I developed my recipe for this classic dish years ago, in consultation with a Greek friend whose Mum made an excellent version. I use a 21cm square baking dish to give four chunky serves, but you can use whatever size you have, alternating the pastry sheets in a way to cover all of the sides as well as the base. For a more delicate presentation – and more fillo crunch – cut the fillo into long strips, place a tablespoon or so of filling at one end and fold over and over into little triangular parcels or roll into ‘cigar’ shapes. These smaller pastries will only take 15-20 minutes to bake and are great finger food for parties or as an entrée. I use Antoniou brand fillo made by a small family business in Sydney. I like to serve spanakopita with a salad of mixed heirloom tomatoes and red onion for a bit of contrasting colour. And while a glass of ouzo would be an appropriate accompaniment, I prefer Lark Hill’s grüner veltliner, a delicious Austrian variety with the zing of riesling and some of the floral aroma of gewürztraminer. This biodynamic Canberra winery was the first to release grüner veltliner in Australia and it compares very favourably with the Austrian versions I’ve had. Yiasou!
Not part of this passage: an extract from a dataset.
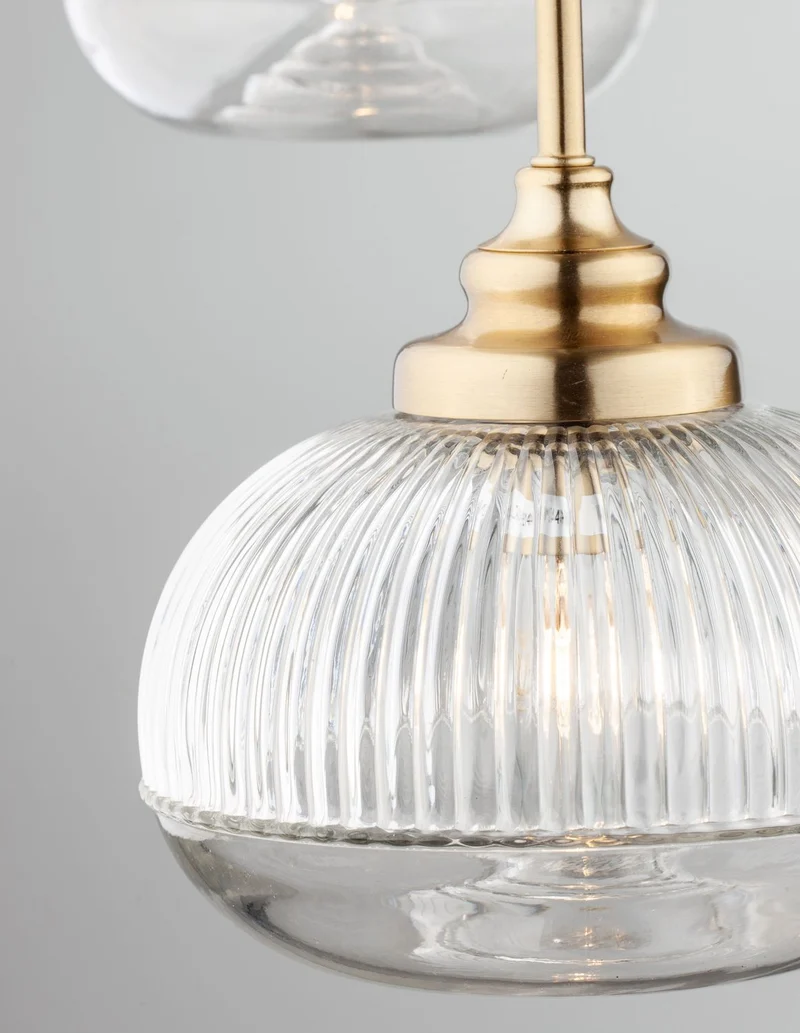 B-Ware Nova Luce Pendelleuchte Hängeleuchte Mond Gold E14 LED 3fach dimmbar Glas Metall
- ¼ cup extra virgin olive oil,
plus extra for brushing
- 500g baby spinach
- 300g ricotta
- 400g feta
- ¼ cup finely chopped dill sprigs
- 5 green onions, finely chopped
- 14 sheets fillo pastry
If you enjoy spanakopita, you’ll love prasopita (Greek leek and cheese pie).
- Preheat oven to185°C.
- Heat oil in a large, high-sided frying pan over low heat.
- Add spinach, cover and cook for 5-10 minutes, stirring frequently, until spinach is thoroughly wilted. Depending on the size of your pan, you may need to add spinach in batches as each lot wilts a little to make room for more.
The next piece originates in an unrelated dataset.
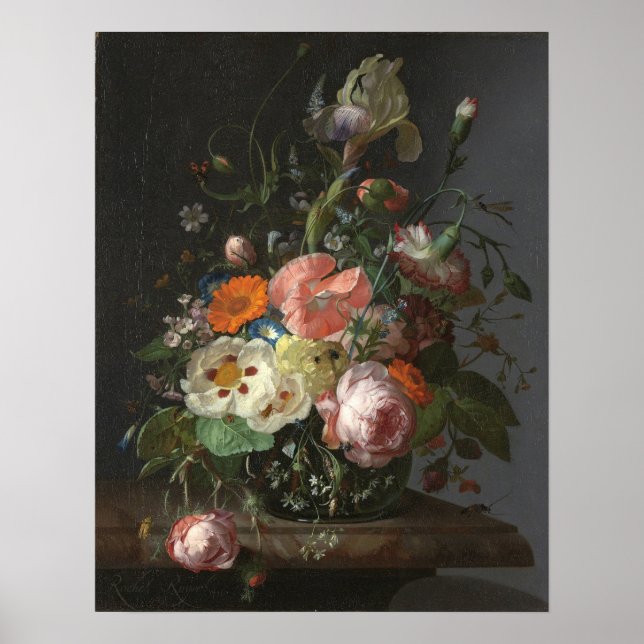 Poster Ruysch - Vida Estática Com Flores Em Uma Mesa Marb (Frente)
- Tip spinach into a sieve and set aside to cool enough to handle then squeeze to remove as much liquid as possible. Chop roughly.
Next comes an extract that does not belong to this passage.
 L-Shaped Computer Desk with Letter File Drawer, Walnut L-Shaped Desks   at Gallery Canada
- Mash ricotta and feta together, then mix in spinach, dill and green onion.
- Brush a baking dish with oil.
- Lay the sheets of fillo pastry on a flat, dry surface. Brush the top sheet with oil and lay it, oil side up, into the baking dish, ideally lining the sides as well as the base, with any excess hanging over the edge. Repeat with 11 more sheets, positioning them to line the base and sides of the baking dish.
- Spoon the filling evenly into the pastry.
- Brush half of another sheet of pastry with oil, fold in half, brush the top with oil and lay over the top of the filling. Repeat with remaining sheet. Fold overhanging pastry from the sides over the top. Brush the top with oil.
- Bake for about 40 minutes, until pastry is golden.